Low-oxygen problems in Hood Canal chokes off most fishing

Hood Canal is expected to be closed to all fishing, except for salmon, until further notice.

The move comes as dissolved oxygen levels in the southern end of Hood Canal reach record lows.

Plants and fish that live in scenic waterway’s depths are being strangled.
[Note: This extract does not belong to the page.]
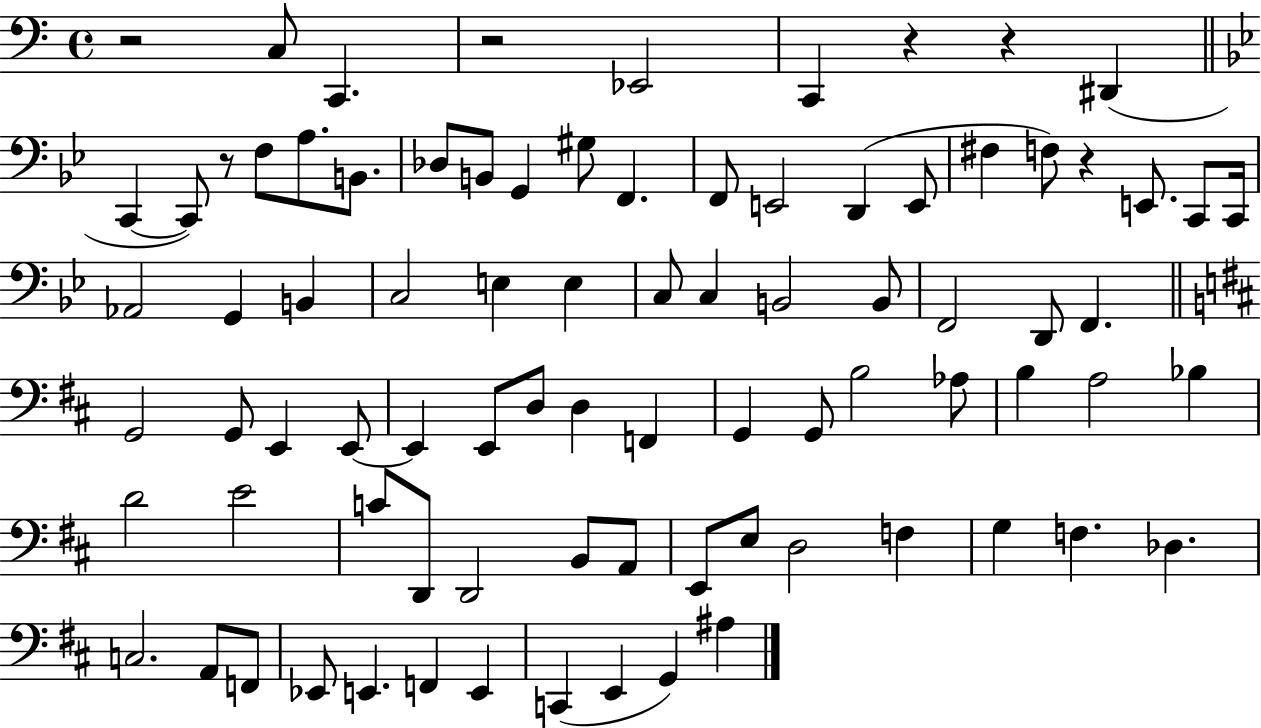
R/h C3/e C2/q. R/h Eb2/h C2/q R/q R/q D#2/q C2/q C2/e R/e F3/e A3/e. B2/e. Db3/e B2/e G2/q G#3/e F2/q. F2/e E2/h D2/q E2/e F#3/q F3/e R/q E2/e. C2/e C2/s Ab2/h G2/q B2/q C3/h E3/q E3/q C3/e C3/q B2/h B2/e F2/h D2/e F2/q. G2/h G2/e E2/q E2/e E2/q E2/e D3/e D3/q F2/q G2/q G2/e B3/h Ab3/e B3/q A3/h Bb3/q D4/h E4/h C4/e D2/e D2/h B2/e A2/e E2/e E3/e D3/h F3/q G3/q F3/q. Db3/q. C3/h. A2/e F2/e Eb2/e E2/q. F2/q E2/q C2/q E2/q G2/q A#3/q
Low-oxygen levels have been blamed for major fish kills in Hood Canal the past two years.

This Saturday, the state Department of Fish and Wildlife Commission will consider new fishing regulations to permanently close Hood Canal to sport and non-tribal commercial fishing for all bottomfish, smelt, herring, anchovy, squid, octopus and sea cucumbers.

The closure would not affect salmon fishing or the harvesting of shrimp, crab, oysters or clams.
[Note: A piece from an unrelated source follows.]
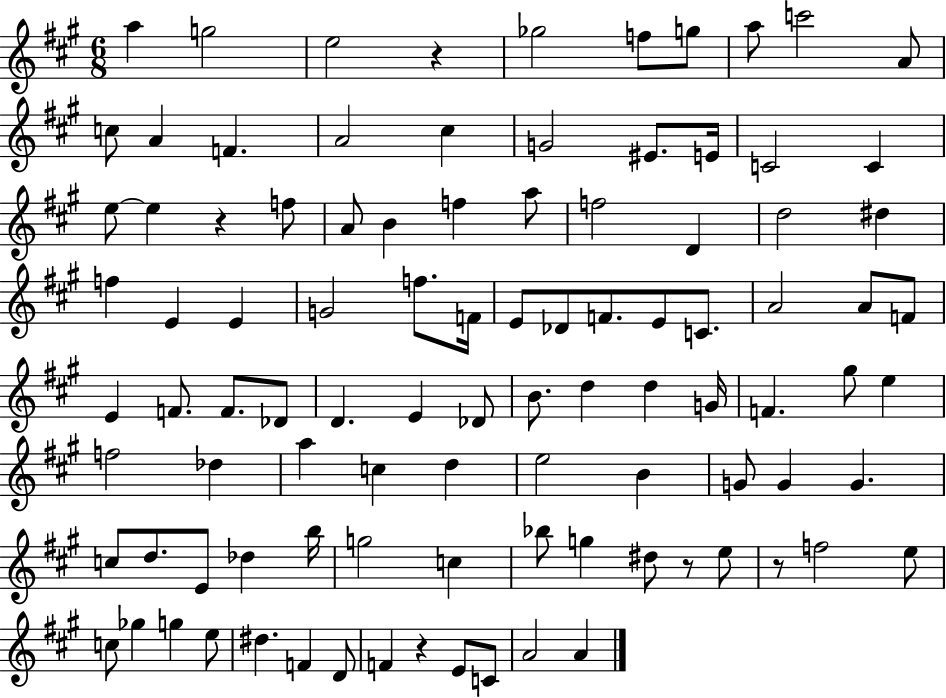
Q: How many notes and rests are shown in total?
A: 98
Salmon tend to stay near the surface, and shellfish don’t seem to be as susceptible to low-oxygen conditions.

Stressed sea life like rockfish, which normally live at deep depths, have been found swimming close to the surface, according to research performed by the state Puget Sound Action Team.

For the past two years, Fish and Wildlife has enacted emergency closures for fisheries in Hood Canal.

“The severity of these events and the continued use of emergency regulations to address a longer-term issue is an approach that is inappropriate,” said Morris Barker, state marine resource manager.

“Permanent rules are the approach to deal with the long term issue” until conditions change.